Dans les semaines suivantes, Oskar m’a envoyé des mises à jour. Les choses n’allaient pas bien. Il avait essayé d’imprimer en 3D le puzzle en plastique doré, mais il avait fondu et s’était déformé. Il craignait qu’il ne soit trop gros pour être expédié aux États-Unis. Il a dû prendre une semaine de congé pour peindre sa maison.

Et puis, un vendredi matin, je me suis réveillé avec un e-mail d’Oskar. Il avait fini de faire le puzzle – et cela fonctionnait. Il avait fabriqué une échelle de Jacob à 55 broches. Le résoudre nécessiterait 1,2 décillion de mouvements (le nombre 1 suivi de 33 chiffres). Écrit, c’est : 1 298 074 214 633 706 907 132 624 082 305 023 coups.

Nous avions écrasé l’ancien record de 13 ordres de grandeur. Oskar a fait des calculs délicieusement ringards sur le temps qu’il faudrait pour résoudre ce casse-tête. Si vous deviez tordre une cheville par seconde, expliqua-t-il, le puzzle prendrait environ 40 septillions d’années. Au moment où vous l’avez résolu, le soleil aurait depuis longtemps détruit la Terre et brûlé. En fait, toute lumière dans l’univers aurait été éteinte. Seuls les trous noirs resteraient. De plus, a déclaré Oskar, si un seul atome devait déteindre à cause du frottement pour chaque mouvement, il s’éroderait avant que vous ne puissiez le résoudre.

Un jour d’été, dans notre salon, avec ma femme et mes trois fils réunis, j’ouvre la boîte en carton. Je sors l’échelle de Jacob et la pose sur le sol. Il mesure environ quatre pieds de haut. « Un million de mouvements pour le résoudre », dis-je. « Il est impossible pour notre cerveau de concevoir combien cela fait. »

L'échelle de Jacobs
L’échelle de Jacobs

L’échelle de Jacobs est une manifestation physique de tant de ce que j’aime dans les puzzles. Les faire peut faire de nous de meilleurs penseurs, plus créatifs et plus incisifs. L’échelle de Jacobs n’offre peut-être pas les mêmes défis logiques et créatifs que les cryptiques ou les problèmes d’échecs, mais comme tous les grands puzzles, il contient des leçons sur l’ingéniosité, de nouvelles perspectives et l’optimisme. Et pour moi, il y a une chose de plus que j’apprécie dans les puzzles : un angle méditatif.

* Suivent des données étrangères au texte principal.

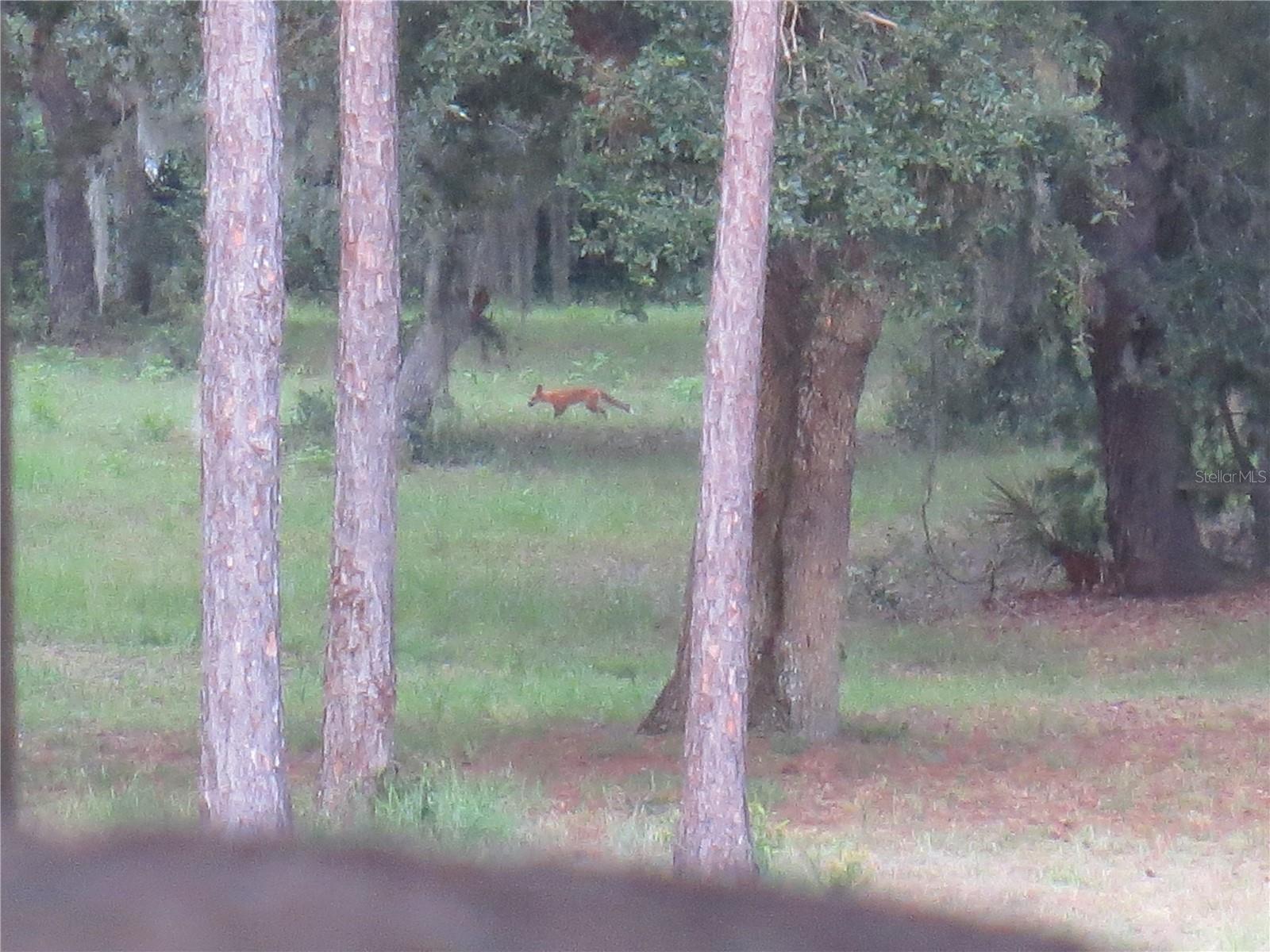 5995 SE 183RD AVENUE RD, OCKLAWAHA, FL, 32179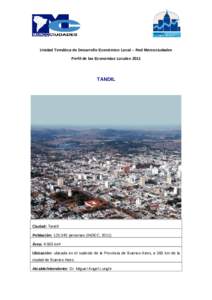 Unidad Temática de Desarrollo Económico Local – Red Mercociudades Perfil de las Economías Locales 2011 TANDIL  Ciudad: Tandil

Je suis nul en méditation juste assis et respirant, mais l’échelle de Jacob sera ma version de la méditation. Je laisserai mes pensées entrer et sortir de mon cerveau en tordant calmement les chevilles. Et ça m’apprendra à être d’accord avec le manque de fermeture. Comme me l’a dit feu Maki Kaji – largement connu comme le parrain du Sudoku – en 2020, les puzzles sont un voyage. Il a rendu l’expérience en trois symboles:

? → !

Kaji a dit que la clé est d’embrasser la partie médiane, la flèche, le voyage. Ne soyez pas obsédé par les fins et la perfection.

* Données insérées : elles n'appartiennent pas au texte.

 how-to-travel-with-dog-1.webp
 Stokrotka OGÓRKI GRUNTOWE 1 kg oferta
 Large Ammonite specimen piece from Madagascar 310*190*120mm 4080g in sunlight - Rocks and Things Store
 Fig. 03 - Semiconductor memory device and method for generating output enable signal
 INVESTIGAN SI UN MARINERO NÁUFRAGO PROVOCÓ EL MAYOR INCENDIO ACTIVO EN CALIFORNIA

« Il s’agit du voyage, pas de la destination ! » dit mon plus jeune fils en roulant des yeux.

« Exactement! » Je dis. « Sauf sans la partie du roulement des yeux. » Je tords l’un des piquets en plastique. Il ne tourne pas facilement. Il donne de la résistance, comme un bouchon sur une bouteille de soda, émet un léger bruit de cliquetis, puis se verrouille en place. Je me tourne vers ma femme. « D’accord, c’est ton tour. »

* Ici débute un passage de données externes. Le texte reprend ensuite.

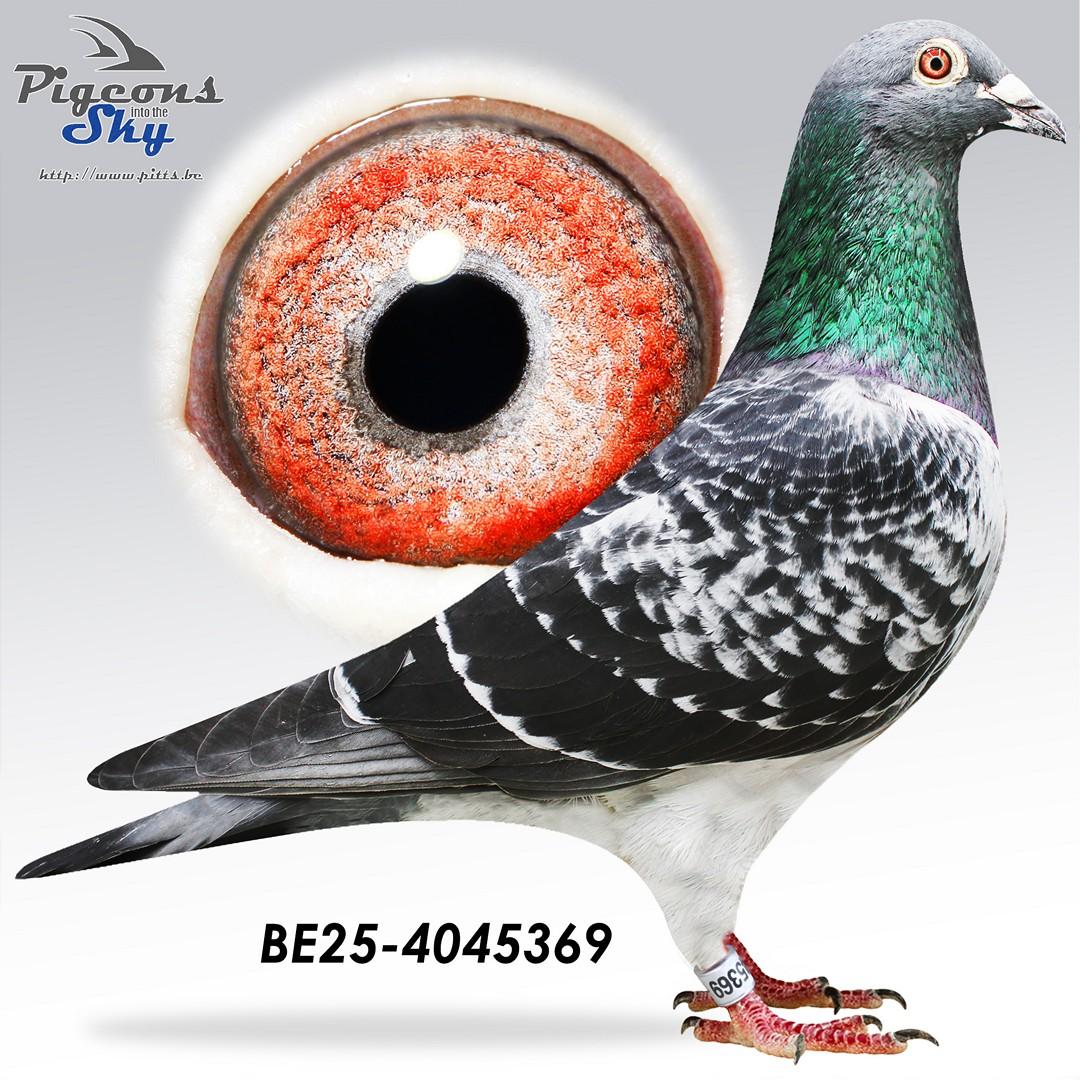 "De 369" 2x /10 - Kleinzoon "Top Gun": 3° & 8° Prov Asduif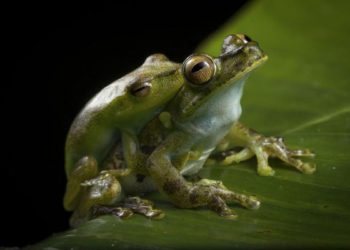 Comment se reproduise les grenouilles ?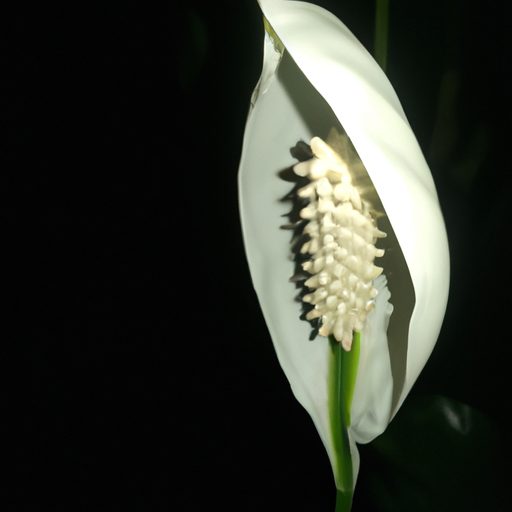 peace lily thrives in low light photorea 512x512 71179565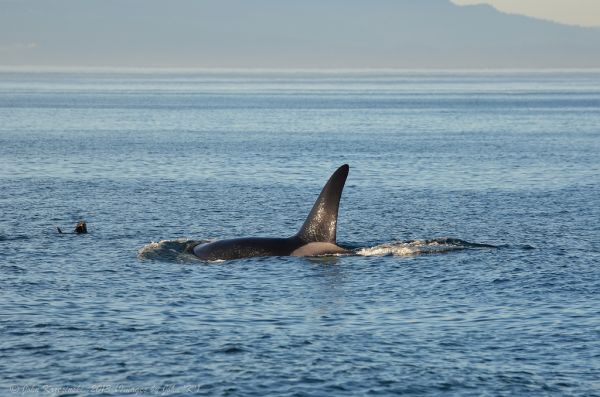 California Whale Watching 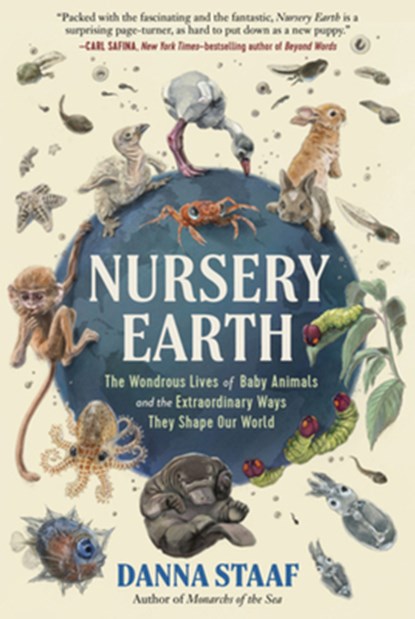 Nursery Earth, Danna Staaf - Gebonden - 9781615199327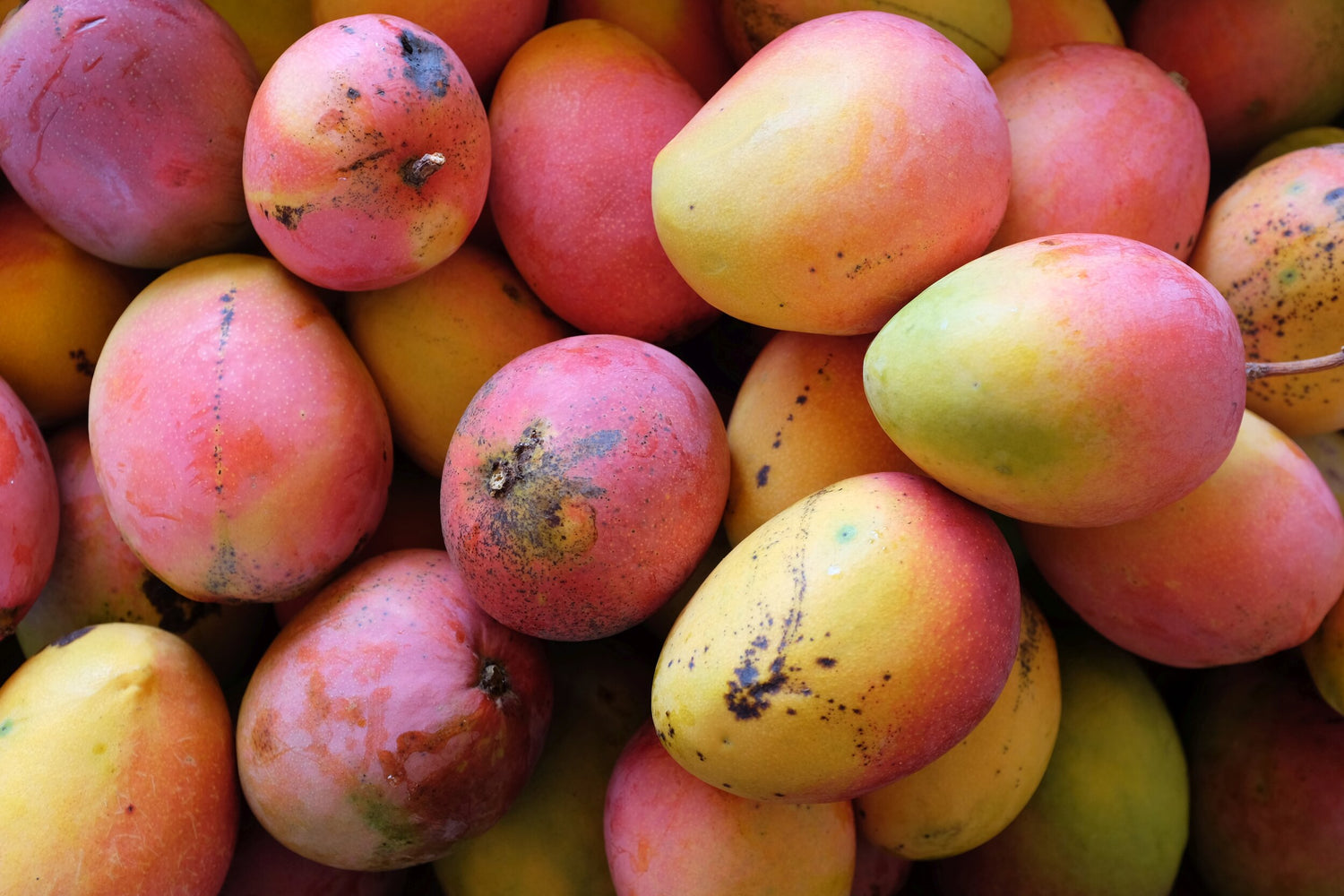 Van Dyke Mango (Mangifera indica) – Sweet, Juicy Mango with Smooth, Fibrous-Free Flesh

Un par un, chaque membre de la famille tord consciencieusement une cheville. Au moins pour moi, cela ressemble à un rituel sacré, comme si nous allumions les bougies d’une menorah ou que nous sonnions les cloches d’un temple. Je m’engage à tourner une cheville chaque jour. Ou au moins chaque semaine. Peut-être tous les mois. Mais nous le ferons.

« Nous sommes en route », dit mon deuxième fils.

C’est vrai. Seulement 1 298 074 214 633 706 907 132 624 082 305 018 mouvements à faire.


Cet article a été adapté du livre à paraître d’AJ Jacobs, The Puzzler : la quête d’un homme pour résoudre les énigmes les plus déconcertantes de tous les temps, des mots croisés aux puzzles en passant par le sens de la vie.